*Stored data entries:*
================

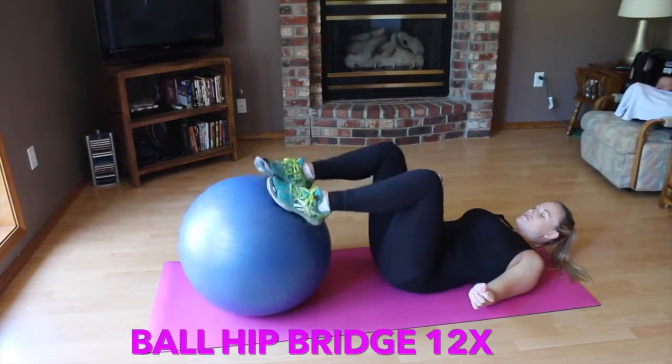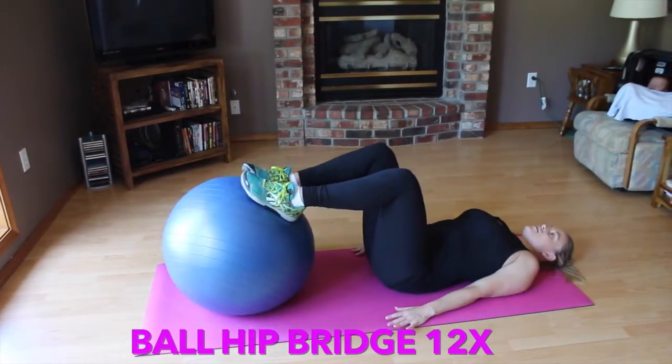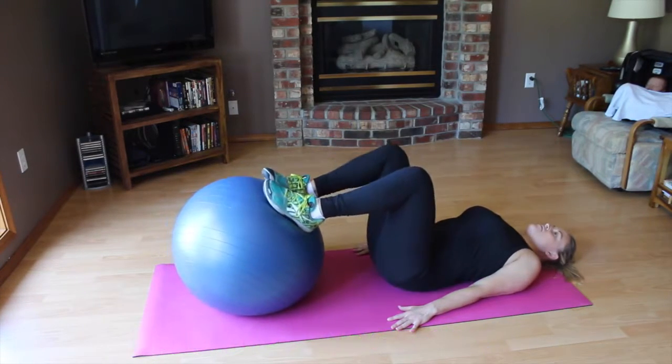So with the ball hip bridges, you're just going to place your feet up on the ball, keep your core tight, and lift all the way up and all the way down.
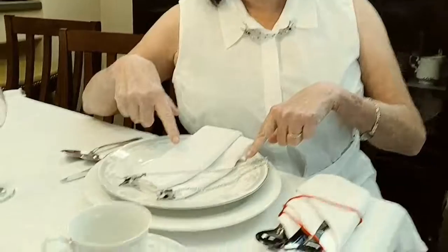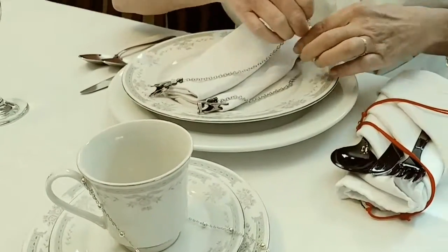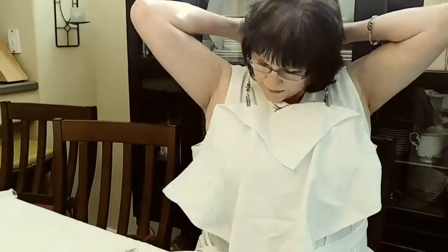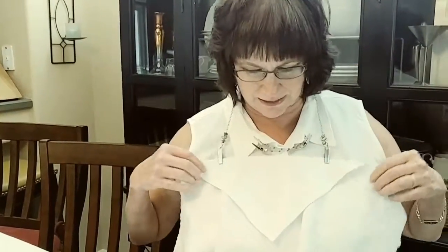What I've done for my guests is I've attached the napkin necklace ahead of time so that when they sit down at the table, all they need to do is pick it up, unfurl, attach the little magnetic clasp in the back, and now they are covered up and stain-free for their entire meal.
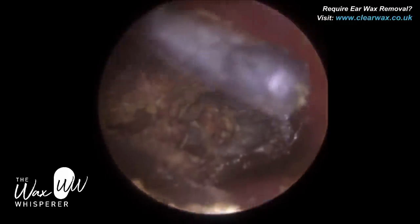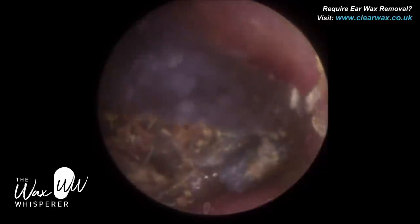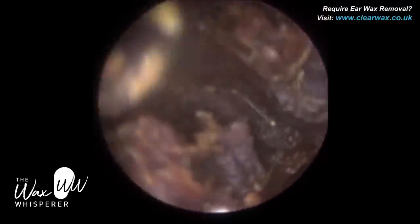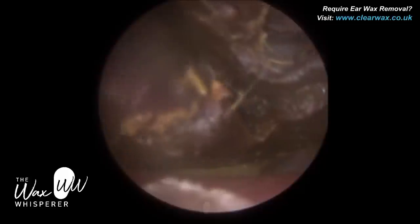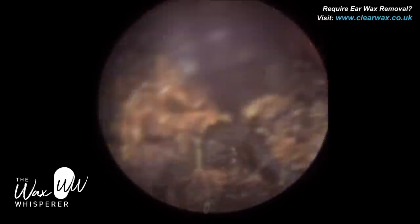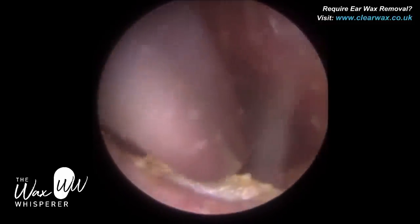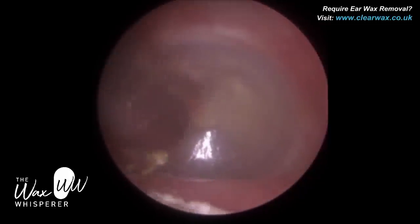Ear irrigation in the UK is far less invasive than ear syringing because you have control of the flow of water. However, in the UK, it's not the gold standard anymore — the gold standard for both professional audiologists and ENT specialists is suction or removing wax using mechanical instrumentation: ear hooks, jobson horns, crocodile forceps. A lot of GP practices in the UK no longer perform ear irrigation, and it's not a service provided on the NHS anymore. You can see me remove that final plug of wax and just mopping up.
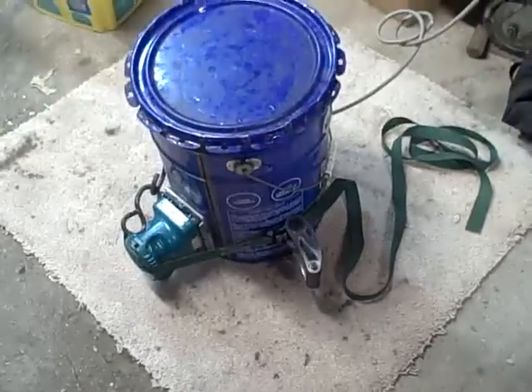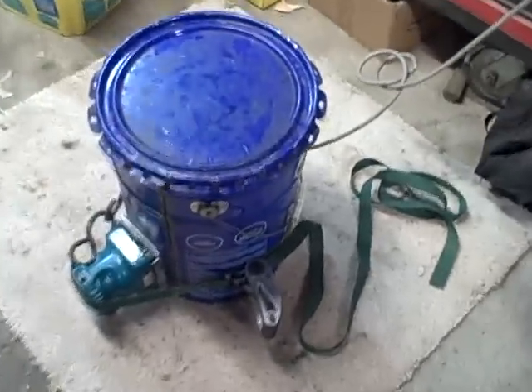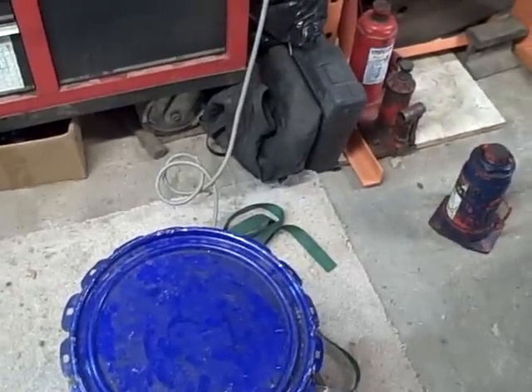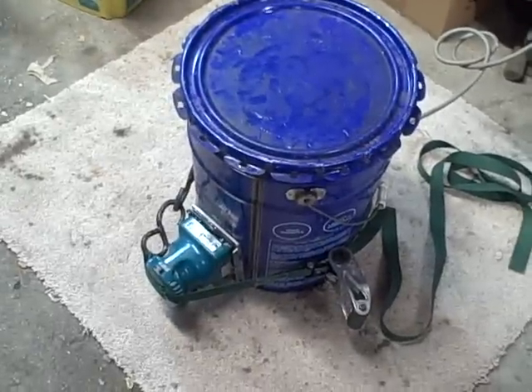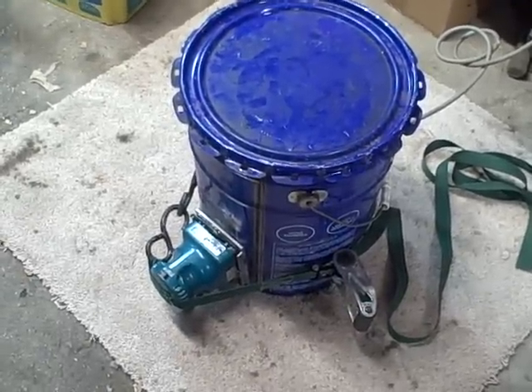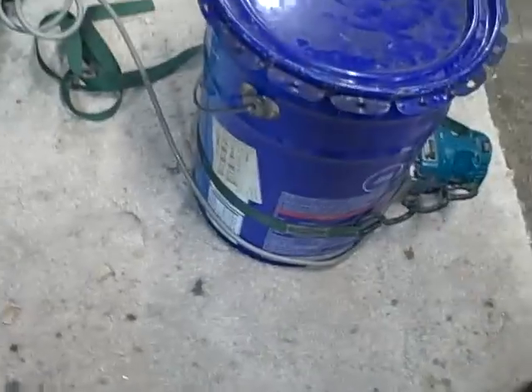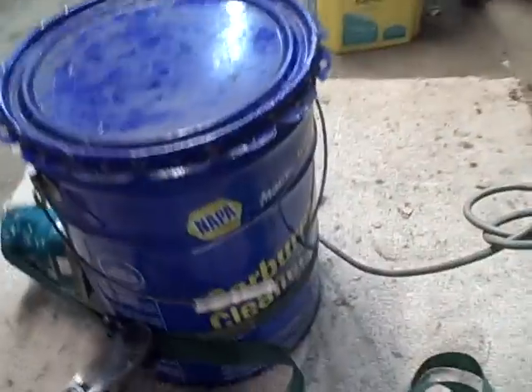This is Jim with Motor Maniac Garage. This is a test of a homemade ultrasonic cleaner. I saw this online. That's just the Makita hand sander I had picked up somewhere, and I've attached it with a strap to the carburetor cleaner that I use for my carbs.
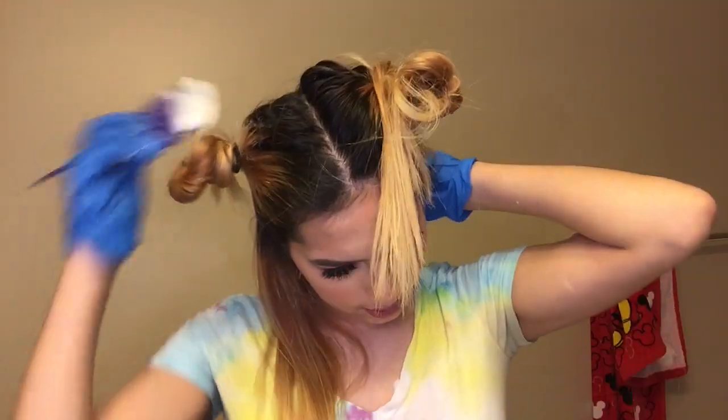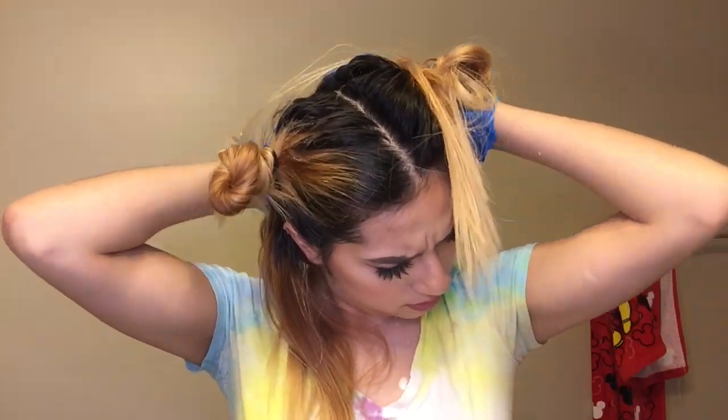The last time I bleached my hair was like last year, I think. There's another piece right here — strip dyeing at the bottom.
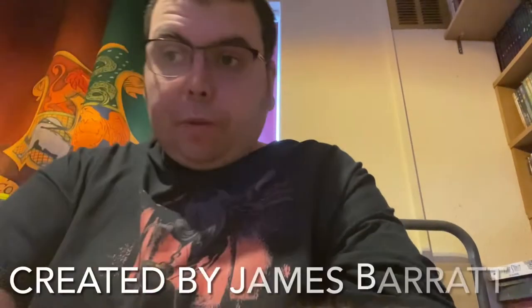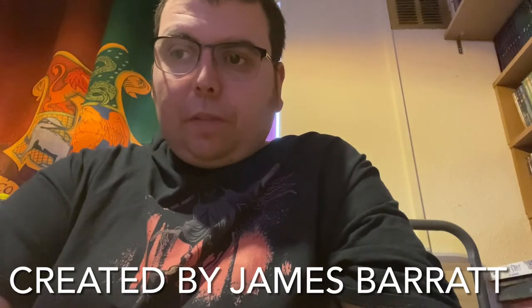Hello and welcome to another episode — the penultimate one of this week, actually — of James Watches TV.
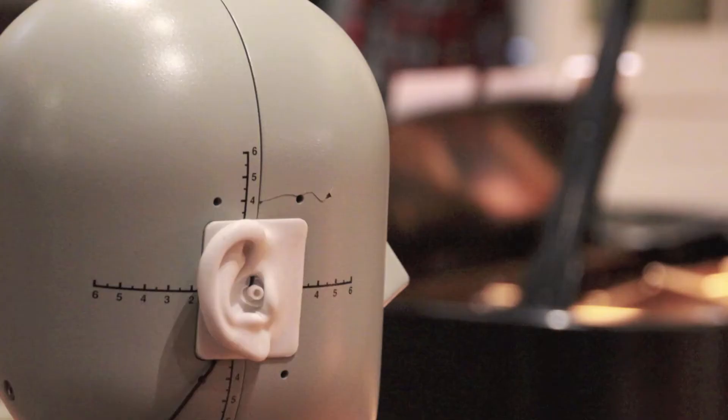We've always done one-point mikings. We started out with a C24 — it was a tube mic. We moved from Soundfield and then moved on to the B&K series of binaural microphones, and now we're producing our own capsules — binaural capsules as well.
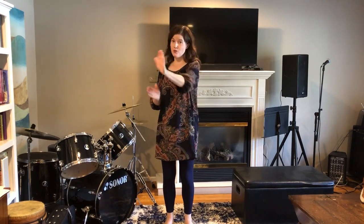This is Head & Shoulders Baby. Head & Shoulders Baby, one, two, three. Head & Shoulders Baby, one, two, three. Head & Shoulders, Head & Shoulders, Head & Shoulders Baby, one, two, three.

================

*PROBLEM:* Find the line that contains "We've always done". Reproduce it and every later line of the records exactly, minus the pictures.

*TASK RESULT:*
We've always done one-point mikings. We started out with a C24 — it was a tube mic. We moved from Soundfield and then moved on to the B&K series of binaural microphones, and now we're producing our own capsules — binaural capsules as well.
This is Head & Shoulders Baby. Head & Shoulders Baby, one, two, three. Head & Shoulders Baby, one, two, three. Head & Shoulders, Head & Shoulders, Head & Shoulders Baby, one, two, three.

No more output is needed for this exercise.